Scientific sessions, CRG Group Leader Seminars
Genomic and Epigenomic Variation in Disease Group, Bioinformatics and Genomics Programme, CRG
Early in the 70’s the heterogeneous nature of tumors was recognized in terms of the biological properties of sub-clones such as antigen resistance, immunogenicity and growth rate. These discoveries led to the hypothesis of tumor evolution based on the acquisition of alterations conferring a selective growth advantage to a neoplastic cell over surrounding normal or tumor cells. It suggests that further alterations can lead to new clones that, due to selective advantages, can become the next predominant cancer subpopulation. Cancer treatment can be thought of as a strong form of selective pressure, leading to the selection and growth of cancer cells that acquired resistance mediated by specific mutations. Today next generation sequencing (NGS) technologies allow for the identification of these heterogeneous alterations and the quantification of the fraction of tumor cells harboring a specific alteration (often termed cancer cell fraction,).
Although many cancer-driving mutations and genes are already known, these cannot explain tumor development in a majority of cases. Therefore we studied 326 cases of chronic lymphocytic leukemia (CLL), a tumor of the circulating white blood cells, namely B-lymphocytes. Exome-seq data from 326 CLL tumor-normal pairs from the ICGC-CLL project were analyzed to identify germline and somatic SNVs, indels and copy number variants, which were subsequently used to identify recurrently mutated driver genes.
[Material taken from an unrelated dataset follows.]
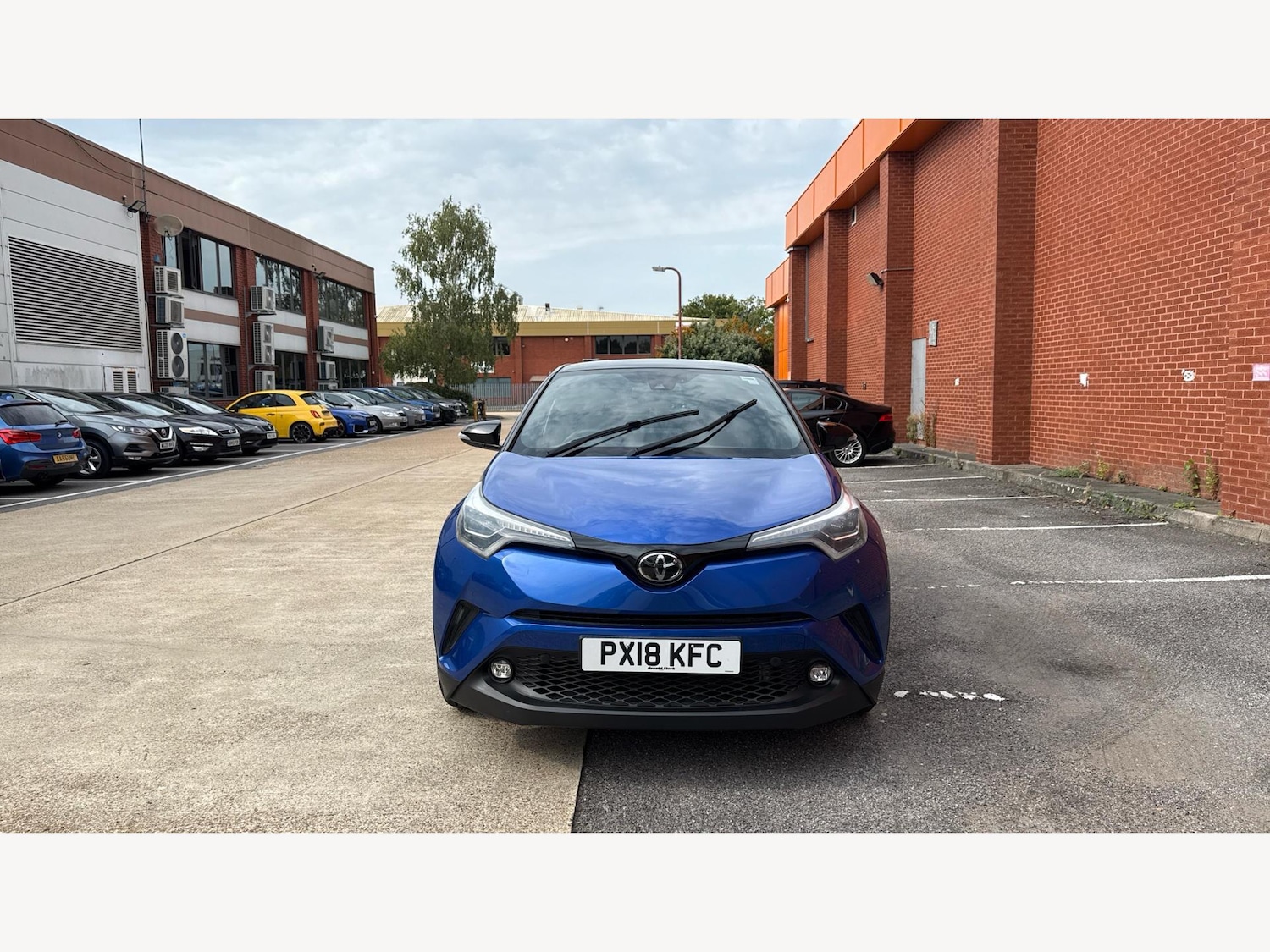 Used Toyota C-HR 2018 for sale - 75977686: Photo 17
Using the deviation of non-reference allele frequencies (BAF) values of SNPs and CNVs from perfect heterozygosity we characterized tumor sub-clones down to 10% cancer cell fraction.
Next we developed a novel Bayesian model for identification of recurrently mutated driver genes that takes into account measures of positive selection, clonal fitness and locally adjusted background mutation rates. Our model can be applied to single genes as well as groups of genes, retrieved from either annotated pathways or protein-protein interaction networks. Applying our model to the 326 cases of CLL we identified most of the previously reported drivers of CLL as well as several novel candidate driver genes.